## PROBLEM REQUIREMENTS
With pictures excluded, copy word for word the lines in the data below from the line containing "Porcelain Bowls EBTH" through the line containing "Популярная латынь".

━━ DATA FOR THIS EXERCISE ━━

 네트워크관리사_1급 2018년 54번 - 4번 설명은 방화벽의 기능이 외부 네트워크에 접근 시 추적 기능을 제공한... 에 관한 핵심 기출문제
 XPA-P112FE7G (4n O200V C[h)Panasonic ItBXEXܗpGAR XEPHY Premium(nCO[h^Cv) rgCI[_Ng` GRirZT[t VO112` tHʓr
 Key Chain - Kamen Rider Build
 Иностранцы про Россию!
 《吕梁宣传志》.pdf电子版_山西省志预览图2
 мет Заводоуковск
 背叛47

━━━
━━ DATA FOR THIS EXERCISE ━━

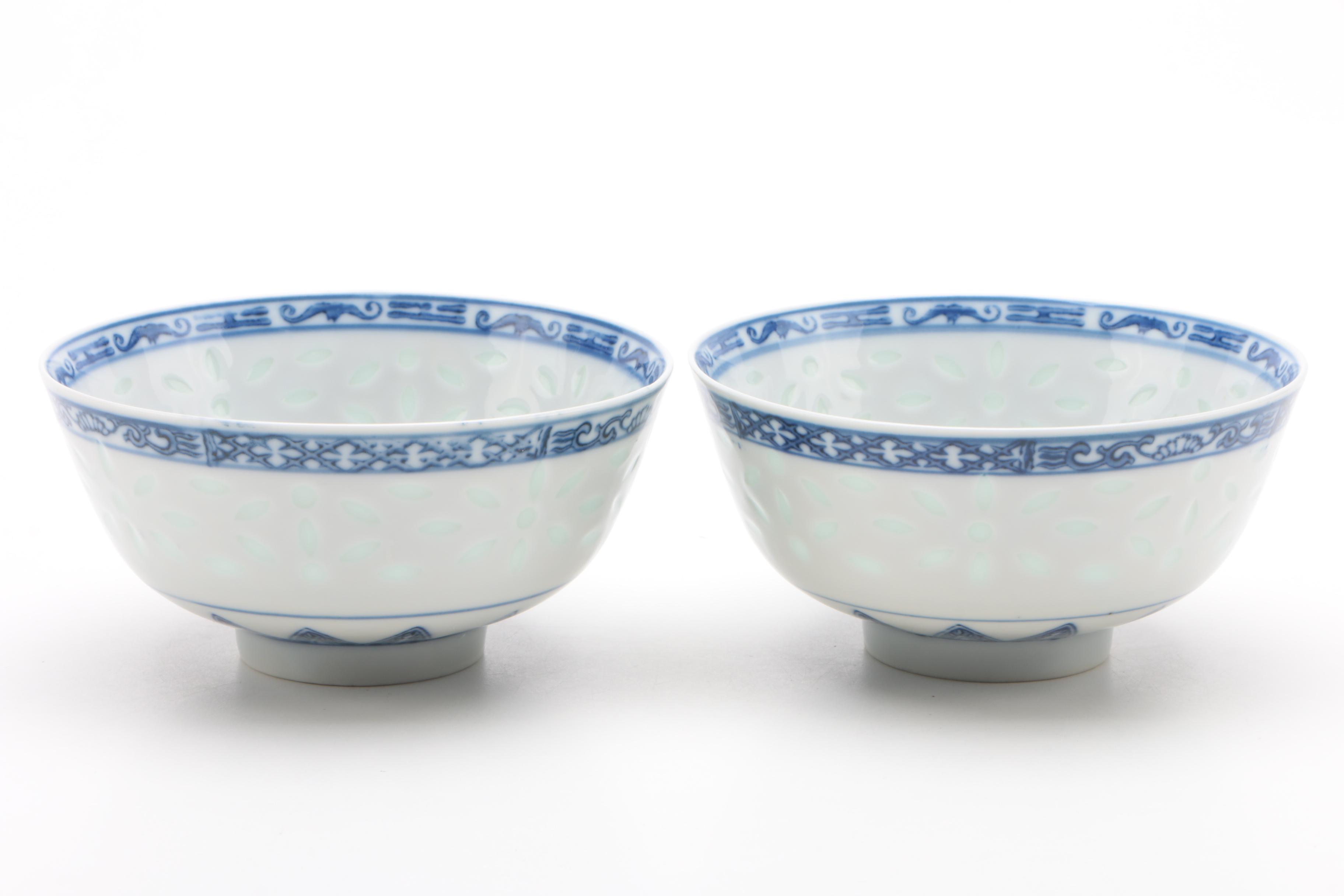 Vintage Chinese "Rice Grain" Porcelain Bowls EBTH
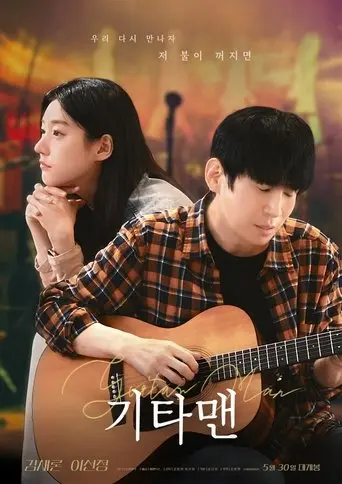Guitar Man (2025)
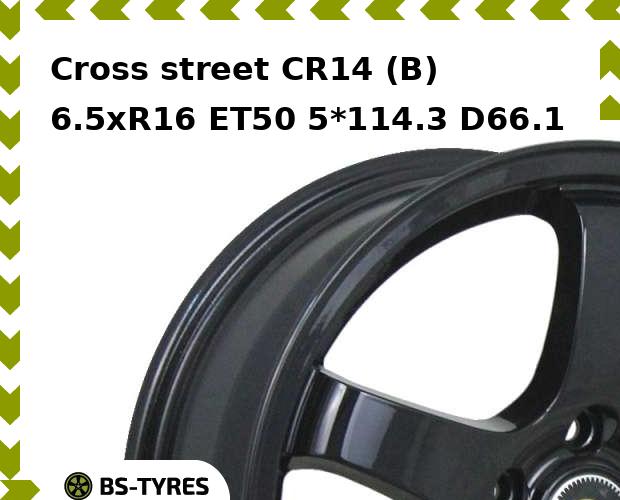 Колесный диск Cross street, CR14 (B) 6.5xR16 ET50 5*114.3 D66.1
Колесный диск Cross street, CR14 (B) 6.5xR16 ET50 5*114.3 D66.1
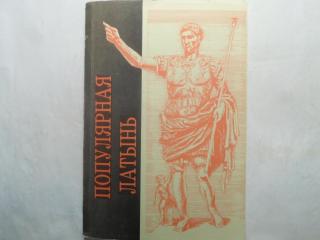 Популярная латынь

━━━
━━ DATA FOR THIS EXERCISE ━━

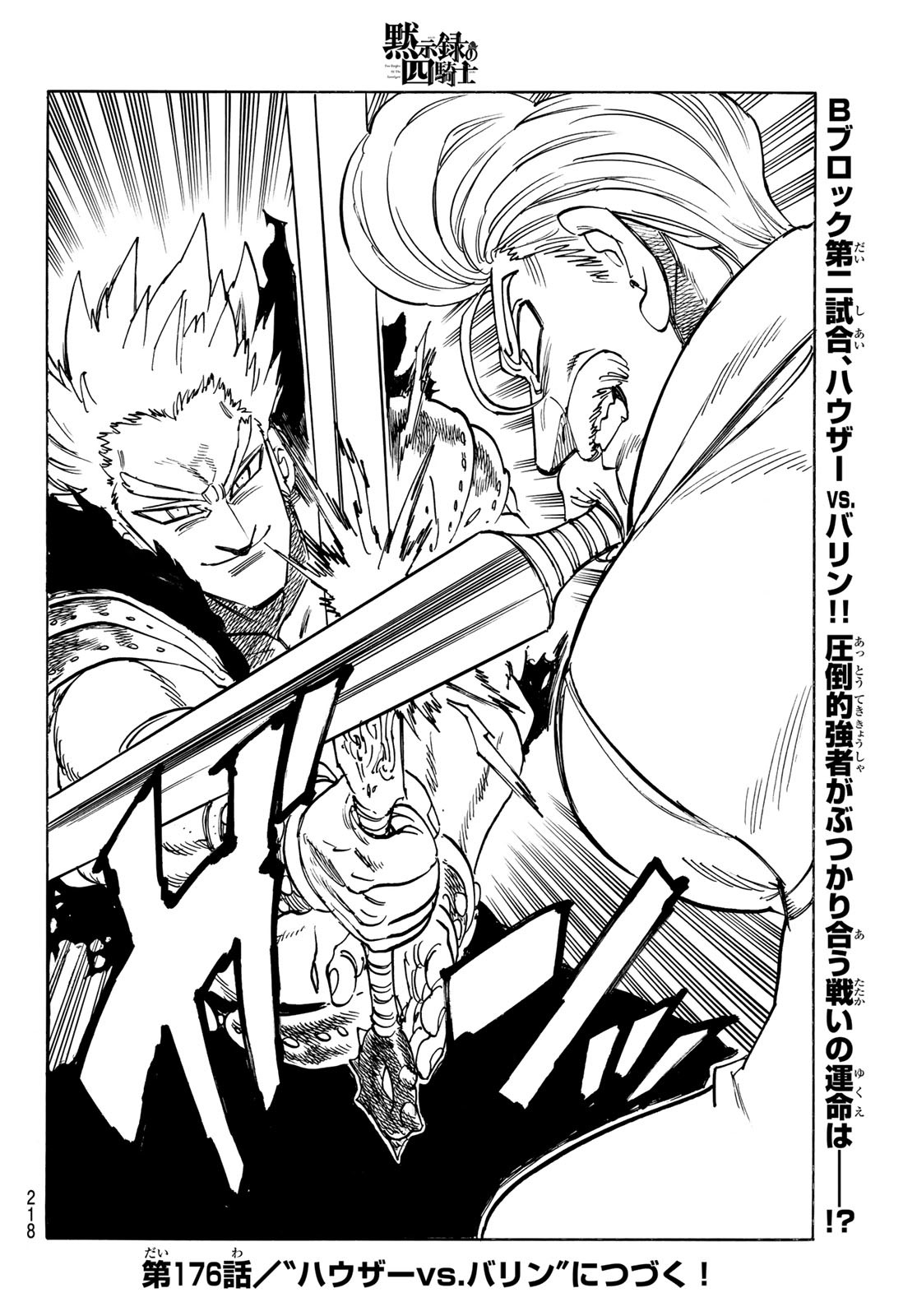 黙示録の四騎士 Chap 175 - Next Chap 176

━━━

## SOLUTION TO THIS EXERCISE
 Vintage Chinese "Rice Grain" Porcelain Bowls EBTH
Guitar Man (2025)
 Колесный диск Cross street, CR14 (B) 6.5xR16 ET50 5*114.3 D66.1
Колесный диск Cross street, CR14 (B) 6.5xR16 ET50 5*114.3 D66.1
 Популярная латынь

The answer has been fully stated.